- [Work task] All of the data that follows should be written out exactly.

[Data provided — start]

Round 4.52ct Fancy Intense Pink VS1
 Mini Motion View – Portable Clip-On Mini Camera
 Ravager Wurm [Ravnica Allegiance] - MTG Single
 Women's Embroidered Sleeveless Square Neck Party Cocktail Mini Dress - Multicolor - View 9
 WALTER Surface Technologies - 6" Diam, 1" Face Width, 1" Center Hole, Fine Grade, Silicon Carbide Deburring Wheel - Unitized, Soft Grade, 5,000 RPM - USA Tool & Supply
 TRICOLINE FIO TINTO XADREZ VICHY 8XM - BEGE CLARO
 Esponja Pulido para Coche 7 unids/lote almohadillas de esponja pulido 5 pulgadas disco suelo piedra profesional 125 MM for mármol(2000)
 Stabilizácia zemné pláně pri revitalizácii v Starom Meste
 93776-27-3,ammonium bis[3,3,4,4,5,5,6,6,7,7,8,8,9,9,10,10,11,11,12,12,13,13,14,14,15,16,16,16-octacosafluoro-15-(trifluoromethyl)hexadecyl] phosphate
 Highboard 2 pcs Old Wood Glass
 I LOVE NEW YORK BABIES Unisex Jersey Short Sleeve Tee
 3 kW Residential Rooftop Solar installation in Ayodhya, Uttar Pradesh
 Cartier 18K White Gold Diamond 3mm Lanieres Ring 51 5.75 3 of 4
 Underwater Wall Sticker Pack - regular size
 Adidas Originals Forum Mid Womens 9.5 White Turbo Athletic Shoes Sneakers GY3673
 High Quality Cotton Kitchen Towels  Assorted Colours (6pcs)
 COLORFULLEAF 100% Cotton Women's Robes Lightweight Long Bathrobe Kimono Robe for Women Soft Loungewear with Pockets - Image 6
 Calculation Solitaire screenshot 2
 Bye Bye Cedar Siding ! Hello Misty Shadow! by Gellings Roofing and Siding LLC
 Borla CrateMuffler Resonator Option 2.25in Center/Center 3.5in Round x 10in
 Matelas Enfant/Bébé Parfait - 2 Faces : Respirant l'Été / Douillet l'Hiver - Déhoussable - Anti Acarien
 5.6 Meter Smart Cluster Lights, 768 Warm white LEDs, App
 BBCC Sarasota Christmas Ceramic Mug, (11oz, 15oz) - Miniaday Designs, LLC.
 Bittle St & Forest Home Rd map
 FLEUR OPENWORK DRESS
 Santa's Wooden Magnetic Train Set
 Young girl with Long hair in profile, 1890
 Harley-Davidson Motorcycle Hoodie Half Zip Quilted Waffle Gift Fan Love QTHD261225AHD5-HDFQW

[Data provided — finish]

- [Solution for this exercise]
Round 4.52ct Fancy Intense Pink VS1
 Mini Motion View – Portable Clip-On Mini Camera
 Ravager Wurm [Ravnica Allegiance] - MTG Single
 Women's Embroidered Sleeveless Square Neck Party Cocktail Mini Dress - Multicolor - View 9
 WALTER Surface Technologies - 6" Diam, 1" Face Width, 1" Center Hole, Fine Grade, Silicon Carbide Deburring Wheel - Unitized, Soft Grade, 5,000 RPM - USA Tool & Supply
 TRICOLINE FIO TINTO XADREZ VICHY 8XM - BEGE CLARO
 Esponja Pulido para Coche 7 unids/lote almohadillas de esponja pulido 5 pulgadas disco suelo piedra profesional 125 MM for mármol(2000)
 Stabilizácia zemné pláně pri revitalizácii v Starom Meste
 93776-27-3,ammonium bis[3,3,4,4,5,5,6,6,7,7,8,8,9,9,10,10,11,11,12,12,13,13,14,14,15,16,16,16-octacosafluoro-15-(trifluoromethyl)hexadecyl] phosphate
 Highboard 2 pcs Old Wood Glass
 I LOVE NEW YORK BABIES Unisex Jersey Short Sleeve Tee
 3 kW Residential Rooftop Solar installation in Ayodhya, Uttar Pradesh
 Cartier 18K White Gold Diamond 3mm Lanieres Ring 51 5.75 3 of 4
 Underwater Wall Sticker Pack - regular size
 Adidas Originals Forum Mid Womens 9.5 White Turbo Athletic Shoes Sneakers GY3673
 High Quality Cotton Kitchen Towels  Assorted Colours (6pcs)
 COLORFULLEAF 100% Cotton Women's Robes Lightweight Long Bathrobe Kimono Robe for Women Soft Loungewear with Pockets - Image 6
 Calculation Solitaire screenshot 2
 Bye Bye Cedar Siding ! Hello Misty Shadow! by Gellings Roofing and Siding LLC
 Borla CrateMuffler Resonator Option 2.25in Center/Center 3.5in Round x 10in
 Matelas Enfant/Bébé Parfait - 2 Faces : Respirant l'Été / Douillet l'Hiver - Déhoussable - Anti Acarien
 5.6 Meter Smart Cluster Lights, 768 Warm white LEDs, App
 BBCC Sarasota Christmas Ceramic Mug, (11oz, 15oz) - Miniaday Designs, LLC.
 Bittle St & Forest Home Rd map
 FLEUR OPENWORK DRESS
 Santa's Wooden Magnetic Train Set
 Young girl with Long hair in profile, 1890
 Harley-Davidson Motorcycle Hoodie Half Zip Quilted Waffle Gift Fan Love QTHD261225AHD5-HDFQW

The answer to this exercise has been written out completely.